In short, I didn’t post much, though I’ve written things from time to
time that I haven’t done a great job of actually posting them, and it
was hard to actually get people to read them, which was further
demotivating. I’ve been reading a lot of interesting things, and I’m
not writing that much for work any more, and I’ve been doing enough
things recently that I want to write about them. See this twitter
strand I had a bit ago on the
topic.
So I started playing around again. Powering this blog is hard, because I
have a lot of content and I very much want to use
restructuredText.
There’s this thing called hugo which seems to be
pretty popular. I’ve been using static site generators for years, and
prefer the approach. It’s also helpful that I worked with Steve
(hugo’s original author) during its initial development, and either by
coincidence, or as a result our conversations and a couple of very small
early contributions a number of things I cared about were included in
its design:
- support for multiple text markup features (including
reStructuredText,) (I cobbled together rst support. )
- customizeable page metadata formats. (I think I pushed for support of
alternate front-matter formats, specifically YAML, and might have made
a few prototype commits on this project)
- the ability to schedule posts in the future, (I think we talked about
this.)
I think I also winged a bunch in those days about performance. I’ve
written about this here before, but one of the classic problems with
static site generators is that no one expects sites with one or two
thousand posts/content atoms, and so they’re developed against
relatively small corpus' and then have performance that doesn’t really
scale.
Hugo is fast, but mostly because go is fast, which I think is, in most
cases, good enough, but not in my case, and particularly not with the
rst implementation as it stood. After all this preamble, we’ve gotten
to the interesting part: a tool I’m calling
shimgo.
The initial support for rst in hugo is straight forward. Every time hugo
encounters an rst file, it calls the shell rst2html
utility that is
installed when you install docutils, passing it the content of the file
on standard input, and parsing from the output, the content we need.
It’s not pretty, it'’s not smart, but it works.
Slowly: to publish all of tychoish it took about 3 minutes.
I attempted an rst-to-markdown translation of my exiting content and
then ran that through the markdown parsers in hugo, just to get
comparative timings: 3ish seconds.
reStructuredText is a bit slower to parse than markdown, on account of
it’s comparative strictness and the fact that the toolchain is in
python and not go, but this difference seemed absurd.
There’s a go-rst project to write
a pure-go implementation of reStructuredText, but I’ve kept my eye on
that project for a couple of years, and it’s a lot of work that is
pretty far off. While I do want to do more to support this project, I
wanted to get a new blog up and running in a few weeks, not years.

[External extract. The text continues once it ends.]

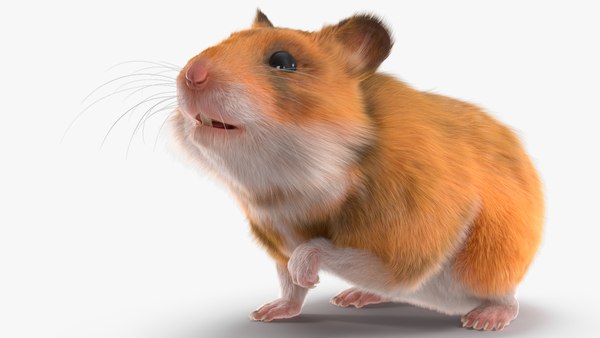 modelo 3d Hámster dorado de pelo corto - TurboSquid 2048530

Based on the differences in timing, and some intuition from years of
writing build systems, I made a wager with myself: while the python rst
implementation is likely really slow, it’s not that slow, and I was
loosing a lot of time to process creation, teardown, and context
switching: processing a single file is pretty quick, but the overhead
gets to be too much at scale.
I built a little prototype where I ran a very small HTTP service that
took rst as a POST
request and returned processed HTML. Now there was
one process running, and instead of calling fork/exec a bunch, we just
had a little but of (local) network overhead.
Faster: 20 second.
I decided I could deal with it.
What remains is making it production worthy or hugo. While it was good
enough for me, I very much don’t want to get into the position of
needing to maintain a single-feature fork of a software project in
active development, and frankly the existing rst support has a difficult
to express external dependency. Adding a HTTP service would be a hard
sell.
This brings us to shimgo: the idea is to package everything needed to
implement the above solution in an external go package, and package it
behind a functional interface, so that hugo maintainers don’t need to
know anything about its working.
Isn’t abstraction wonderful?
So here we are. I’m still working on getting this patch mainlined, and
there is some polish for shimgo itself (mostly the README file and some
documentation), but it works, and if you’re doing anything with
reStructuredText in go, then you ought to give shimgo a try.